Thomas, l'Obscur ou Les métamorphoses du Négatif
Thomas, te souviens-tu de ta chevelure de flammes noires en 1941 ? Rien à voir avec ta coiffure gominée, laquée de Néant, dans ta « nouvelle version » 1950. De l’hybride monstrueux de Maldoror et de Giraudoux, tu deviens le fils spirituel d’Igitur, l’ÜberGeist. Belle métamorphose.
J’ai assisté à ton procès comme héros nihiliste, parangon de la métaphysique du vide, mystique négatif et j’en passe. Tu as eu raison de ne pas répondre – et comment le pourrais-tu, toi qui a fait de l’inexistence une manière d’être et de penser… N’importe, le texte est là, conjuguant l’élémental à l’abstrait, la philosophie à la métaphore, dans un cheminement tantôt anarchique tantôt fluide, selon.

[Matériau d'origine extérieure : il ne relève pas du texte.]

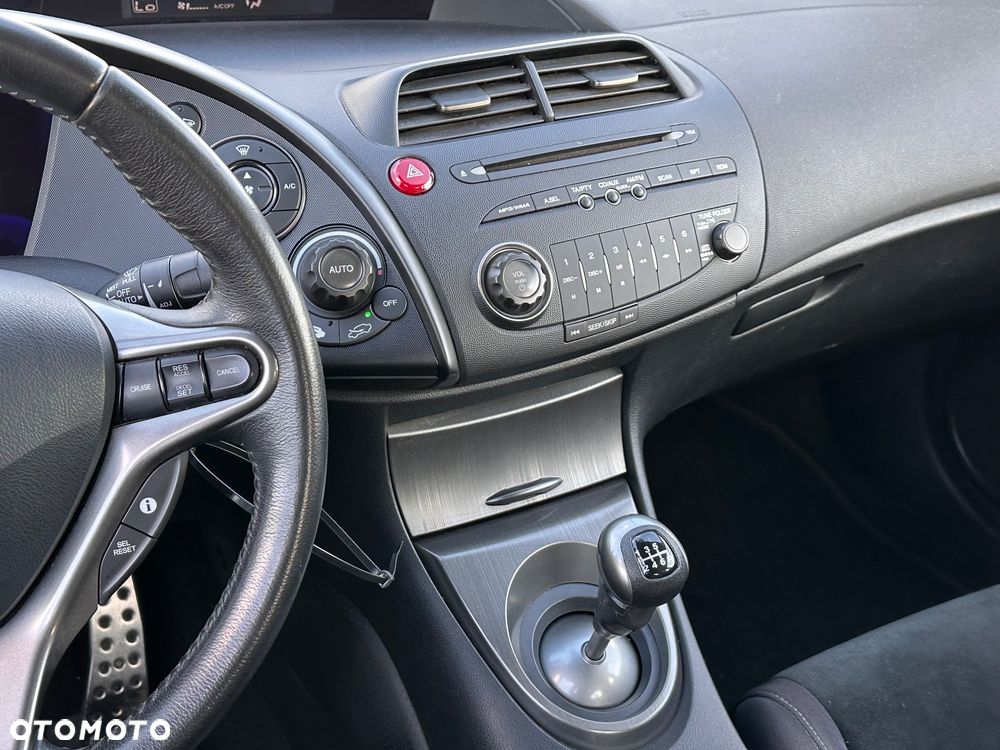 Honda Civic 1.4 i-VTEC Comfort - 22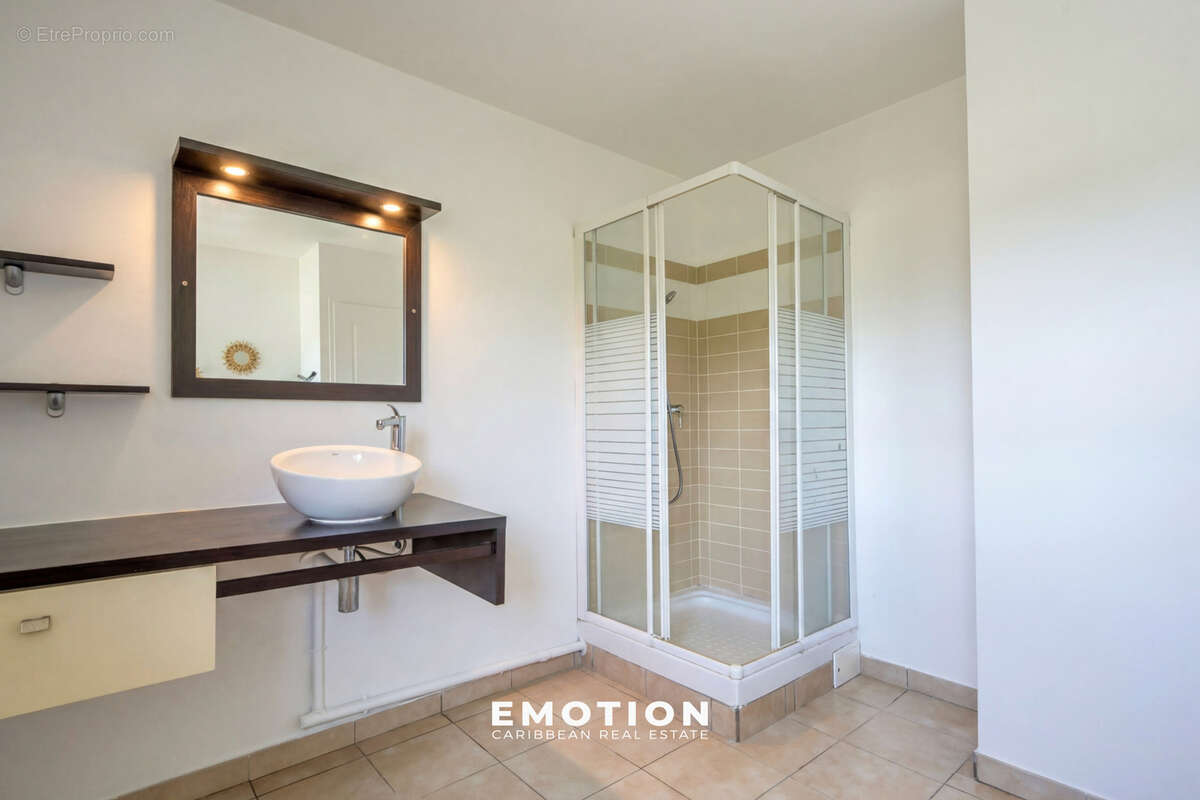 Appartement à PETIT-BOURG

Thomas, ton histoire dit-on est difficile à suivre. Moi j’ai lu cela avec passion, et j’ai été porté par cette mer de texte dans laquelle tu te baignes au début et dans laquelle tu conduis les hommes à la fin. Je sais qu’au début tu te voulais roman : mais étant miné d’oxymores, de lyrisme, de réflexion, cela ne pouvait pas tenir. Fort peu héros métaphysique ou prophète, tu vas à la plage, dans une auberge, tu lis un texte qui te lit, tu te ballades, tu rencontres une fille, qui meurt, etc. Pas ultra-rocambolesque, je l’avoue, qu’à cela ne tienne, mes yeux captent les pensées invisibles que tu distilles sans cesse, ô penseur radioactif. Ton apparition épurée dans la collection « L’Imaginaire » de Gallimard était donc à point nommé : tu appartiens bien à cette nuit étrange de l’imaginaire où littérature, poésie, philosophie, trouvent un espace commun.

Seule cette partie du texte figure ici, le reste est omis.